Re: [RFC PATCH 12/12] housekeeping: Reimplement isolcpus on housekeeping

From: Frederic Weisbecker
Date: Mon Aug 28 2017 - 13:33:30 EST


On Mon, Aug 28, 2017 at 06:24:16PM +0200, Peter Zijlstra wrote:
> On Mon, Aug 28, 2017 at 05:27:15PM +0200, Frederic Weisbecker wrote:
> > On Mon, Aug 28, 2017 at 03:31:16PM +0200, Peter Zijlstra wrote:
>
> > > I'm fairly sure that was very intentional. If you want to isolate stuff
> > > you don't want load-balancing.
> >
> > Yes I guess that was intentional. In fact having NULL domains is convenient
> > as it also isolates from many things: tasks, workqueues, timers.
>
> Huh, what? That's entirely unrelated to the NULL domain.
>
> The reason people like isolcpus= is that is ensures _nothing_ runs on
> those CPUs before you explicitly place something there.
>
> _That_ is what ensures there are no timers etc.. placed on those CPUs.

Sure that's what I meant.

>
> Once you run something on that CPU, it stays there.
>
> It is also what I dislike about isolcpus, its a boot time feature, if
> you want to reconfigure your system you need a reboot.

Indeed.

>
> > Although for example I guess (IIUC) that if you create an unbound
> > timer on a NULL domain, it will be stuck on it for ever as we can't
> > walk any hierarchy from the current CPU domain.
>
> Not sure what you're on about. Timers have their own hierarchy.

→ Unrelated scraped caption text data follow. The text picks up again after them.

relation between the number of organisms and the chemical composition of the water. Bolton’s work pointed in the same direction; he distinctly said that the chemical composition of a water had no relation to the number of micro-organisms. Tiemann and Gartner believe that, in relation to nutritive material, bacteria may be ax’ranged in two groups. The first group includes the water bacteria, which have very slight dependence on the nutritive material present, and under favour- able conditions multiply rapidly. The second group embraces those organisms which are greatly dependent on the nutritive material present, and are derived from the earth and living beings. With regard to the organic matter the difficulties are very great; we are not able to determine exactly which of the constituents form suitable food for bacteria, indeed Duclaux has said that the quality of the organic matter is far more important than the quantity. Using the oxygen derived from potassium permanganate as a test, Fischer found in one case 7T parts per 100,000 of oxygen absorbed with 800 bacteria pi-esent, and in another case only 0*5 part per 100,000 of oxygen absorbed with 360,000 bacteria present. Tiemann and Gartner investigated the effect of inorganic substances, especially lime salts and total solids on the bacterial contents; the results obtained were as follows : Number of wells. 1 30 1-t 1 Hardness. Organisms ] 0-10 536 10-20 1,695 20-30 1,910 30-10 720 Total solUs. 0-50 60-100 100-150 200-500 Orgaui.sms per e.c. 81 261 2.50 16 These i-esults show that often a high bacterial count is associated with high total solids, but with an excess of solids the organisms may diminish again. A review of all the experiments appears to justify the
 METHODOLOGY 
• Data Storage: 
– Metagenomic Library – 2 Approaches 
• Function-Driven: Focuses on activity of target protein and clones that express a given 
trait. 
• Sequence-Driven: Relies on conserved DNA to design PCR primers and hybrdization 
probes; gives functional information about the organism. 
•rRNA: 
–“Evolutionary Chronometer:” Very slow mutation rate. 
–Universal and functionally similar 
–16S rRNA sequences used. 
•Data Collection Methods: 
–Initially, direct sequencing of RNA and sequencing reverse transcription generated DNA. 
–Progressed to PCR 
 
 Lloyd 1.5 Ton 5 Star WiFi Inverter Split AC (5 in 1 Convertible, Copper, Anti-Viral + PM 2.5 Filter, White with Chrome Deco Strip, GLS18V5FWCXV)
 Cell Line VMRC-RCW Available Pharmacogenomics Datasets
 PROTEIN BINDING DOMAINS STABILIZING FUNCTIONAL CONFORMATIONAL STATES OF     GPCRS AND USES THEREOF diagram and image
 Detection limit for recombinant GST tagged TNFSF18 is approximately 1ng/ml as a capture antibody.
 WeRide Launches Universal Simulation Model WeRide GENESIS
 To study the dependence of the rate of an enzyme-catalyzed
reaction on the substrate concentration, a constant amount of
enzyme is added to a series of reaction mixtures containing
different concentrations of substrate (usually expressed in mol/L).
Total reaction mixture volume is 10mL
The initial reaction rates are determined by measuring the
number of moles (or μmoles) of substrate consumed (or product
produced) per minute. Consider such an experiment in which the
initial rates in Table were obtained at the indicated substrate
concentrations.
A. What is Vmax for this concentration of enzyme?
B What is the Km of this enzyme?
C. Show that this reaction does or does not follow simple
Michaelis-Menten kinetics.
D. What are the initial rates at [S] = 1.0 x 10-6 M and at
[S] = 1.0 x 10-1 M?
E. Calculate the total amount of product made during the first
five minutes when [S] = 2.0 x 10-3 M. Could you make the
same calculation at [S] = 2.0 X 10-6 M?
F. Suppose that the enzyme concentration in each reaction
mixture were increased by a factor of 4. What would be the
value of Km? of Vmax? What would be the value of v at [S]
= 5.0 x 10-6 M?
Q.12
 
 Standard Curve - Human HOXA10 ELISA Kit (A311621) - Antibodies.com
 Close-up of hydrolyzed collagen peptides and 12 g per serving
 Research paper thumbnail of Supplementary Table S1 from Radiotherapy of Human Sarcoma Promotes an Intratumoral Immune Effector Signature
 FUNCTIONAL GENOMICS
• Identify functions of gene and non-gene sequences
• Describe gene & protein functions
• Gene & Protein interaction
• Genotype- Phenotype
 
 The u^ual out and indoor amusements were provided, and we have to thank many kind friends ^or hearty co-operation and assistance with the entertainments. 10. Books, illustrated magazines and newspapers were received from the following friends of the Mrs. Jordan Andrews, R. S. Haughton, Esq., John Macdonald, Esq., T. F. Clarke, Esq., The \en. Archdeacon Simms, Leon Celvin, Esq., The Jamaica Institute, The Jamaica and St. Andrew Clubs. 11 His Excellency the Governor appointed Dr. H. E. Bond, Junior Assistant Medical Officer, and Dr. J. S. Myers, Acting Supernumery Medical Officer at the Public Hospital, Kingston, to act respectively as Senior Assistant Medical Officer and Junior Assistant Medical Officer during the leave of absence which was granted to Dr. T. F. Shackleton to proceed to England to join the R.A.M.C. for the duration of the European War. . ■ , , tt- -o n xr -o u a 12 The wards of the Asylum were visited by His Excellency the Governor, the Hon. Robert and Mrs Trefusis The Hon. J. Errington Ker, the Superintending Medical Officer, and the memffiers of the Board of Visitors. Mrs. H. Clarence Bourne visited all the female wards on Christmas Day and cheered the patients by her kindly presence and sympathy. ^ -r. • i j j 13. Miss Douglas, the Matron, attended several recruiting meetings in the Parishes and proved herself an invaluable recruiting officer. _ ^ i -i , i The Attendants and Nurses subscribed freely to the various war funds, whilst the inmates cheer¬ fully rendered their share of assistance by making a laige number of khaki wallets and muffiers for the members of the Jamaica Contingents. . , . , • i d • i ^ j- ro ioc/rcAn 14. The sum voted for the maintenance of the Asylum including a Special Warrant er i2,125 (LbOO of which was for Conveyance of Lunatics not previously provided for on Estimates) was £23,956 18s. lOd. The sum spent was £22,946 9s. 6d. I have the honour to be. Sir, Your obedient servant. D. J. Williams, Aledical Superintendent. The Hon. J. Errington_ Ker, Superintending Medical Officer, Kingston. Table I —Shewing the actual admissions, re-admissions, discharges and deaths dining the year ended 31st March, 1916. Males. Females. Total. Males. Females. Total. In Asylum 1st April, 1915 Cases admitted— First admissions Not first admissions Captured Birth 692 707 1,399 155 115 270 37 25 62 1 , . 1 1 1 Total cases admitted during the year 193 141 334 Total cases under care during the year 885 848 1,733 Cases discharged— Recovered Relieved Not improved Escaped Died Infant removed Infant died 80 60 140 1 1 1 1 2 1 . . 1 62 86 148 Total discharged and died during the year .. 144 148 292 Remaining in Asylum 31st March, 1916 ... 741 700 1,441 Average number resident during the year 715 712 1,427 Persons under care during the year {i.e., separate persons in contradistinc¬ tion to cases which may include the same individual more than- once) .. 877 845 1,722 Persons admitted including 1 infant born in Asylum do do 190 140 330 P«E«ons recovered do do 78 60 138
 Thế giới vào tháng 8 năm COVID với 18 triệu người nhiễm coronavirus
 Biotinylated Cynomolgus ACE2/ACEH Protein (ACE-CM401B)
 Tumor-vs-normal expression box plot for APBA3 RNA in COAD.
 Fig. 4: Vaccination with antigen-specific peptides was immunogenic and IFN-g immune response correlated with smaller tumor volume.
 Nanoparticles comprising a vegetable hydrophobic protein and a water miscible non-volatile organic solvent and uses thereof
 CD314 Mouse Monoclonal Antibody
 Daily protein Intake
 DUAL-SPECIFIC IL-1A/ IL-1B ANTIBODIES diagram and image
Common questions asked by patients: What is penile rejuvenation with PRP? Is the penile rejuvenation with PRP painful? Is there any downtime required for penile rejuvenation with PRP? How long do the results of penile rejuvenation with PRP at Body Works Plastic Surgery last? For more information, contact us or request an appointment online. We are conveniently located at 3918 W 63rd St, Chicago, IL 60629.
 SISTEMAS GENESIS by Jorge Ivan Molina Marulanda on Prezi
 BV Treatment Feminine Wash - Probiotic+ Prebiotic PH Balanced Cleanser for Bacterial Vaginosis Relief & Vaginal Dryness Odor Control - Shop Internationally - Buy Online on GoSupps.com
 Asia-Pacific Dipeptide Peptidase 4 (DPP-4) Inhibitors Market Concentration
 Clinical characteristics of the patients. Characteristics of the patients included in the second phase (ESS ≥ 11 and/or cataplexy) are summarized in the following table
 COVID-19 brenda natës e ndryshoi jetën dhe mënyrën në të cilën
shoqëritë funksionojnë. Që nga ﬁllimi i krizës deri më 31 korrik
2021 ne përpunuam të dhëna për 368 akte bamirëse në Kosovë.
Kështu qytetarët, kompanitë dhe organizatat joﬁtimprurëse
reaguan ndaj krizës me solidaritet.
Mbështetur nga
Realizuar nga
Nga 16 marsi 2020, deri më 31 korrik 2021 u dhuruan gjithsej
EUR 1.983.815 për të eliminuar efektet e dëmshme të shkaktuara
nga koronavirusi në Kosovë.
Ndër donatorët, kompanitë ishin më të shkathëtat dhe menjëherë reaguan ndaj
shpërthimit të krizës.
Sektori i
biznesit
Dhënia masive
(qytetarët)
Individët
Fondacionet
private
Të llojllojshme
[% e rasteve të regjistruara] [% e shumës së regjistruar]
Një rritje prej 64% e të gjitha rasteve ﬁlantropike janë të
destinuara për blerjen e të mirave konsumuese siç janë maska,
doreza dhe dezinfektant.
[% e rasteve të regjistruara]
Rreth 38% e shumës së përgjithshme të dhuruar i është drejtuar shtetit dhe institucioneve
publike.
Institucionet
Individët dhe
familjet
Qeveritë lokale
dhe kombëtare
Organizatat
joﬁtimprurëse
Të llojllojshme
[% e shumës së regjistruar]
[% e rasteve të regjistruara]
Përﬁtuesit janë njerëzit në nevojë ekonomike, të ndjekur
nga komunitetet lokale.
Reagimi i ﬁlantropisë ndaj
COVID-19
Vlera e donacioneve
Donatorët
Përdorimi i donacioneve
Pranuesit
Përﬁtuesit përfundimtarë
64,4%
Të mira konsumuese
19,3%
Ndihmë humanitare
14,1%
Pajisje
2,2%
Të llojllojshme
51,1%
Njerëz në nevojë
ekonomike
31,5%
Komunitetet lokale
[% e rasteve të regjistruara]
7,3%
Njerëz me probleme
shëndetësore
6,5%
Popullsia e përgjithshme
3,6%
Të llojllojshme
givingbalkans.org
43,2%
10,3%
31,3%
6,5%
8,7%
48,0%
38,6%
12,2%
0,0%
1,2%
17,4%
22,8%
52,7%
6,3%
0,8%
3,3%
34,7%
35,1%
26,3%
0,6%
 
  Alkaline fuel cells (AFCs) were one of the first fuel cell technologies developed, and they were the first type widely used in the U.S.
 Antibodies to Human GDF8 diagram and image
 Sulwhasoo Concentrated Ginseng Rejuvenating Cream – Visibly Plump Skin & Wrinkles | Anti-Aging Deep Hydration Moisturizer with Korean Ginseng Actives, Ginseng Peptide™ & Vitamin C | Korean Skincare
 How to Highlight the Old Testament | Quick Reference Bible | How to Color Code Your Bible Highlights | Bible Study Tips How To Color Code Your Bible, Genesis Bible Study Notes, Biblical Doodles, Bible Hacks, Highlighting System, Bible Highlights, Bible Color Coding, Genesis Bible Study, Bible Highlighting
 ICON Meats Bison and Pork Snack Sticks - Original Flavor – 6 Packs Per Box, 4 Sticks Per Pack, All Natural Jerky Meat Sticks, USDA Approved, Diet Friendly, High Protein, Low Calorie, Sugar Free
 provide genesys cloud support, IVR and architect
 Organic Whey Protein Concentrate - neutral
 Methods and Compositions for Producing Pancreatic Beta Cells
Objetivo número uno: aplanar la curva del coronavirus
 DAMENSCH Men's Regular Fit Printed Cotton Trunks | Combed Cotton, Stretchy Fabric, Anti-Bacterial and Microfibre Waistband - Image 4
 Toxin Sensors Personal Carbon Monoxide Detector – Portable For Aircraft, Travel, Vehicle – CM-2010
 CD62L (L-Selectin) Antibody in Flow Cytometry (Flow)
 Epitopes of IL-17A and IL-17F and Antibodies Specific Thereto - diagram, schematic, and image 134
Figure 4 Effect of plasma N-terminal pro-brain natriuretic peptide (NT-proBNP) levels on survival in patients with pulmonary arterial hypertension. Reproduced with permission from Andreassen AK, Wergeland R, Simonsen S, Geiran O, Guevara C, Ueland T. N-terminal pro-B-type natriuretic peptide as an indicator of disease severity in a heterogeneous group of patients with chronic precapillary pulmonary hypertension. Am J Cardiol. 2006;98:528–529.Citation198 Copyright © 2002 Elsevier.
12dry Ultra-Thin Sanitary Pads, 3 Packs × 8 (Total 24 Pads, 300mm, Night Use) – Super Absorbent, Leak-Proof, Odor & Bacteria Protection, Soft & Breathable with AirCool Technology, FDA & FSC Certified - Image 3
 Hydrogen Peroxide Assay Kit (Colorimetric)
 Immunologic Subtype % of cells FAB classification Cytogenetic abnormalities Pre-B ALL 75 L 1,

Check out get_nohz_timer_target() which relies on scheduler hierarchies to
look up a CPU to enqueue an unpinned timer on.

>
> > I'm not sure how much that can apply to unbound workqueues
> > as well.
>
> Well, unbound workqueued will not immediately end up on those CPUs,
> since they'll have an affinity exlusive of those CPUs per construction.

Ah that's right.

> But IIRC there's an affinity setting for workqueues where you could
> force it on if you wanted to.

Yep: /sys/devices/virtual/workqueue/cpumask

>
> > But the thing is with NULL domains: things can not migrate in and neither
> > can them migrate out, which is not exactly what CPU isolation wants.
>
> No, its exactly what they want. You get what you put in and nothing
> more. If you want something else, use cpusets.

That's still a subtle behaviour that involves knowledge of some scheduler
core details. I wish we hadn't exposed such a low level scheduler control
as a general purpose kernel parameter.

Anyway at least that confirms one worry we had: kernel parameters are kernel
ABI that we can't break.

>
> > > Now, I completely hate the isolcpus feature and wish is a speedy death,
> > > but replacing it with something sensible is difficult because cgroups
> > > :-(
> >
> > Ah, that would break cgroup somehow?
>
> Well, ideally something like this would start the system with all the
> 'crap' threads in !root cgroup. But that means cgroupfs needs to be
> populated with at least two directories on boot. And current cgroup
> cruft doesn't expect that.

Ah I see.

Thanks!